Tip: Work with the partners to agree on the interdependency and timeline of the various activities. This should be done at the level of tasks and not just at the level of work packages. Going this extra mile will force the partners to think in more detail about their suggested work (this will be beneficial both during the evaluation and the execution of the project). These details might be based on a rough estimation at the time of the proposal making; however, it is better to have rough estimations than no estimations at all.
Deliverables serve as a means of monitoring project progress during the lifetime of the project. Additionally, and possibly more importantly, deliverables become official contractual obligations under the grant agreement. It is crucial to remember deliverables are produced in addition to the progress reports required by the EC. A typical mistake made by applicants is thinking that more equals better. However, evaluators are not looking for a never-ending list of deliverables, but a logical framework in the way the work plan is presented, containing a logical set of deliverables.
Tip: It is recommended to list 2 to 3 well-defined logical deliverables per work package. This number of deliverables will in most cases satisfy the evaluators, without risking overloading the partners during the project’s implementation.
Similar to the deliverables, milestones also serve as a means of progress reporting during the project execution. They also become official contractual obligations under the grant agreement. The typical mistake, as with deliverables, is listing too many milestones in the proposal. It is recommended to have about 5 milestones for the entire duration of a 3-year project (for longer durations, add 1-2 milestones max). Importantly, evaluators are looking for logic in the plan.
Another aspect to consider about milestones in Horizon Europe proposals is the requirement for “means of verification” i.e., how you are going to demonstrate reaching each milestone. On the whole, any kind of dedicated written evidence will suffice. Additionally, try and link milestones to one (or more) of the existing deliverables. In doing so, you will provide means of verification to the milestones and avoid writing another document, saving you time and work during the project execution.
Horizon Europe proposal budget
There are two main approaches for preparing a Horizon Europe budget:
- Top-down, the coordinator and/or the partners decide to split the budget in a predefined way, while each of the partners is responsible for the inner structure of the budget share they receive.
- Bottom-up, the budget is constructed based on the actual specific details of the project’s work plan.
It is recommended to utilise the second approach when constructing the budget.

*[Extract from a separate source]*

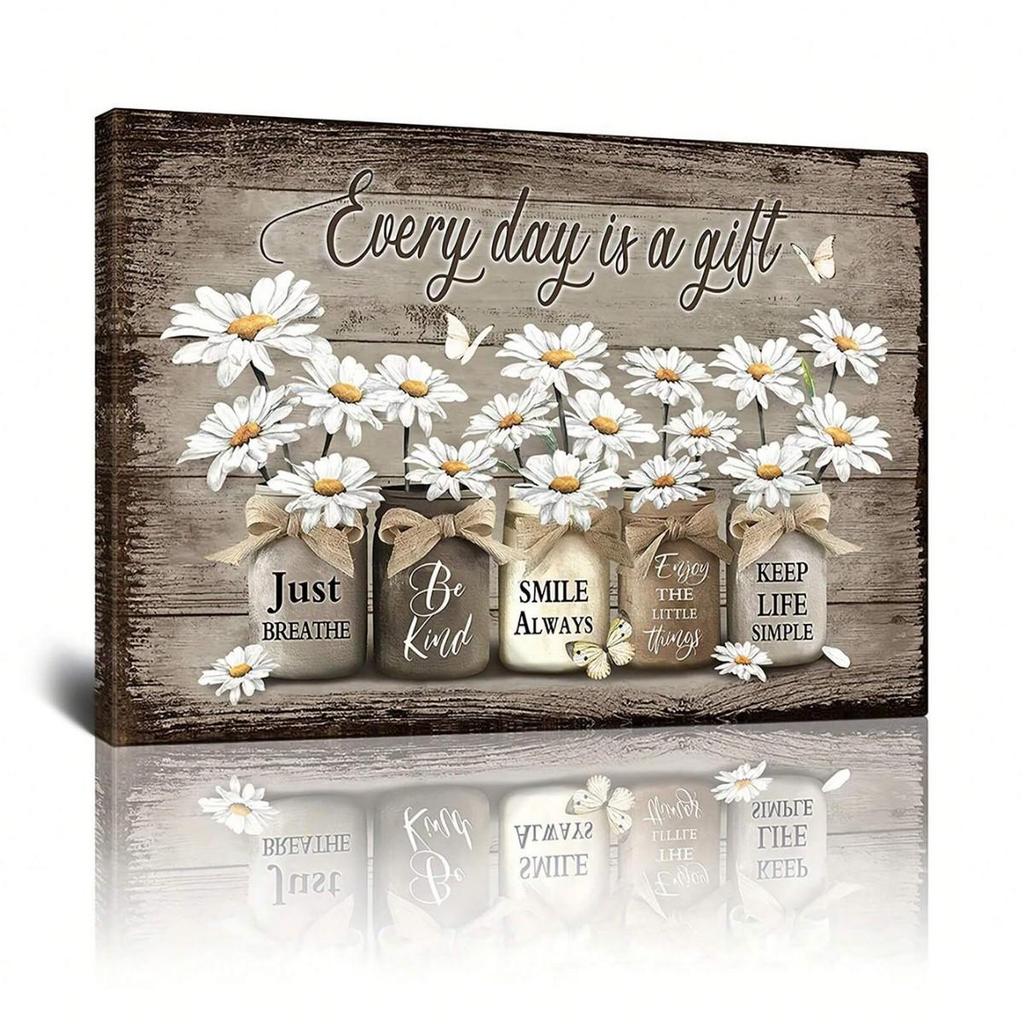 Retro Floral Wall Art: Daisy & Butterfly Canvas with Wooden Frame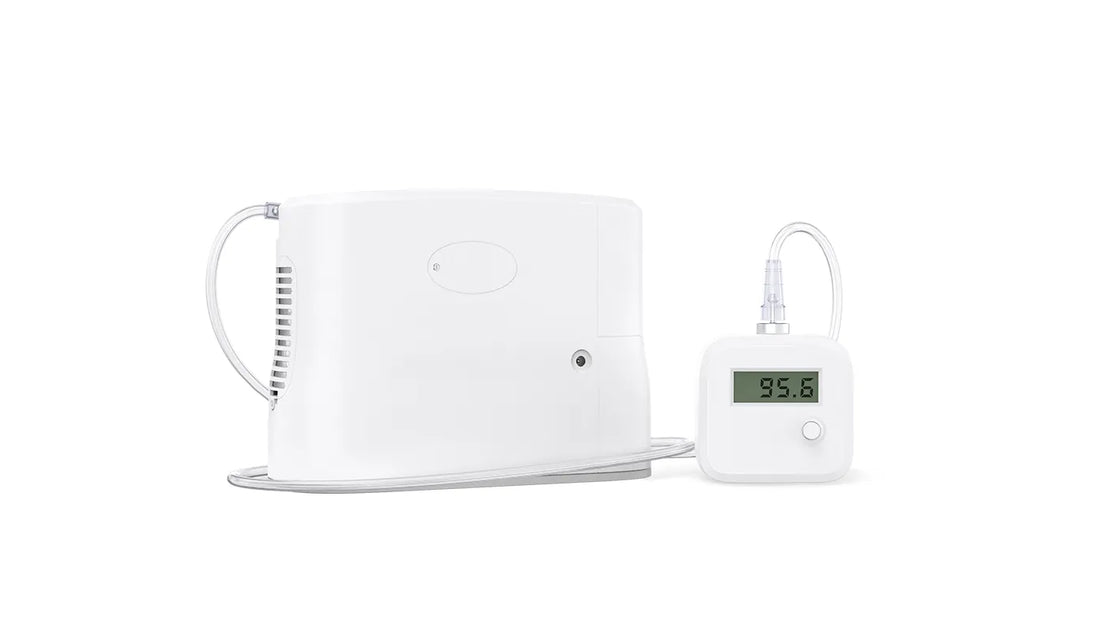 Kingon P2 portable oxygen concentrator with an oxygen purity reader. Shop now at Kingon Australia.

For both the evaluation and project execution, the second approach is more realistic, accurate, reliable, convincing, and eventually more relevant for execution. The first approach might evoke negative feedback and many unwanted questions from reviewers during the evaluation if the allocated budget doesn’t match the partners workload. If it does get passed the evaluators, you will probably end up with multiple problems during execution when some partners might struggle to deliver their share of the work based on the budget they’ve been allocated.
Tip: Linking the budget closely to a detailed work plan will be beneficial to both the project and the partners. Having a detailed plan is important for making the right impression during the evaluation and helping run a more efficient project during implementation.